Sports betting has come out of the shadows. Seven years ago, online gambling was illegal in the US. Now it’s a multi-billion-dollar business controlled by publicly traded companies. If you wanted to bet back then, you had to do it at a casino, a shady offshore website, or through a bookie. Now, it’s a multi-billion dollar industry controlled by states and a handful of publicly traded companies. Most states have made it possible for anyone to bet from a smartphone. And one in five Americans do. The problem is, the laws and resources available to deal with addiction are still structurally unequal, and they tilt in favor of corporations exploiting inequality for profit.
“Sports wagering…is kind of the middle-class white guy problem. That is consistently who’s playing, who’s checking themselves in the treatment, and who’s calling hotlines,” says Marlene Warner, Executive Director of the Massachusetts Council on Gaming and Health (MACGH). Marlene has been running a hotline and treatment program for 20 years.
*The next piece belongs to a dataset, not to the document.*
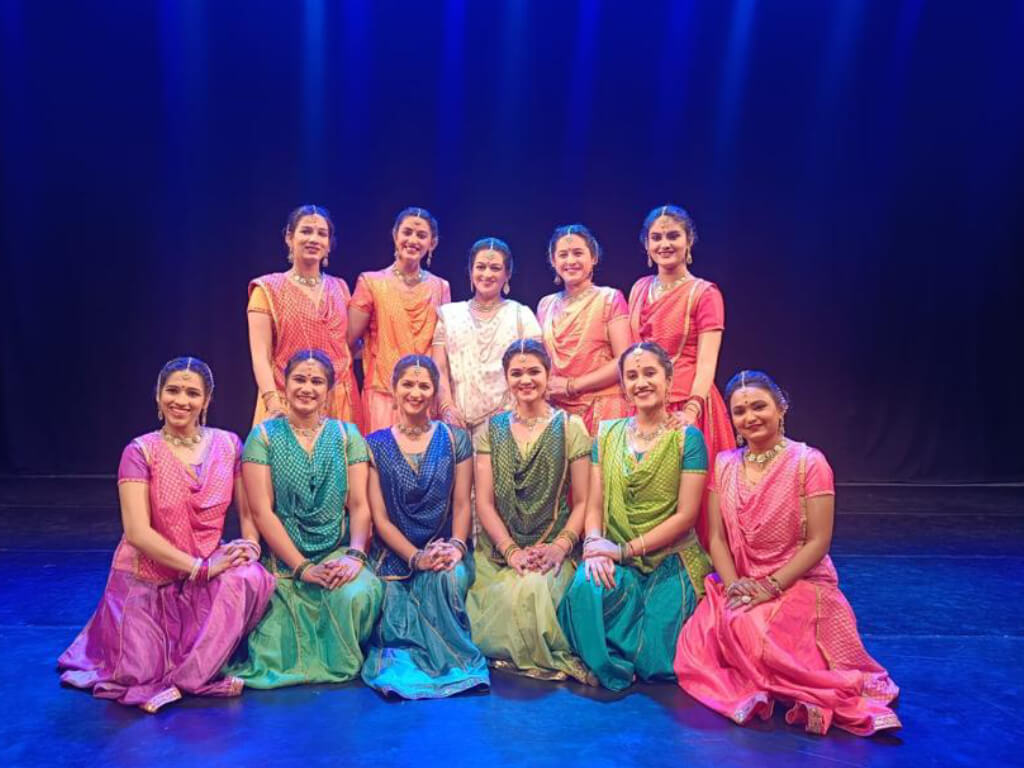 Experienced Teaching Staff (1) (1) https://www.tanzkathak.com/wp-content/uploads/2023/04/Experienced-Teaching-Staff-1-1-1.jpg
Massachusetts allocates the most of any other state to problem gambling resources. People come to get connected to counseling or support services to help them with a gambling problem.
According to the New York Council on Problem Gambling’s National Survey on Gambling Attitudes, 32% of Black Americans participate in sports betting. And Black Americans have rates of problem gambling twice that of whites. There are cultural differences in how Black Americans gamble that make it more difficult to track. Still, the data on how race impacts a person’s risk of gambling addiction is incomplete.
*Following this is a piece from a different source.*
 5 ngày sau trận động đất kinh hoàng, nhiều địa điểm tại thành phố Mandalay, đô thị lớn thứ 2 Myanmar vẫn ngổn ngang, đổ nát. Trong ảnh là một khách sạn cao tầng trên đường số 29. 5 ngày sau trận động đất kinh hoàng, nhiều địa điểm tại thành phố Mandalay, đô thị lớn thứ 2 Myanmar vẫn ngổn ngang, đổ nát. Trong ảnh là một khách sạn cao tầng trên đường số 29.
For example, Massachusetts, where Marlene provides services, is the most well-funded state problem gambling program in the nation. Most Southern states rank in the bottom half of all states for funding levels. Eight states do not fund problem gambling services at all.
“We are not seeing African-Americans show up in any great number,” says Marlene. “We don’t know how to find them and what they are gambling on. [We don’t know] how to get them at the point of interacting with the gambling product.”
Despite the fact that calls to the Massachusetts hotline have more than doubled every year for the last three years, she says Black people aren’t reaching out. There’s a bitter irony in the disparity. “We have the most profitable Lottery in the world per capita here,” says Marlene.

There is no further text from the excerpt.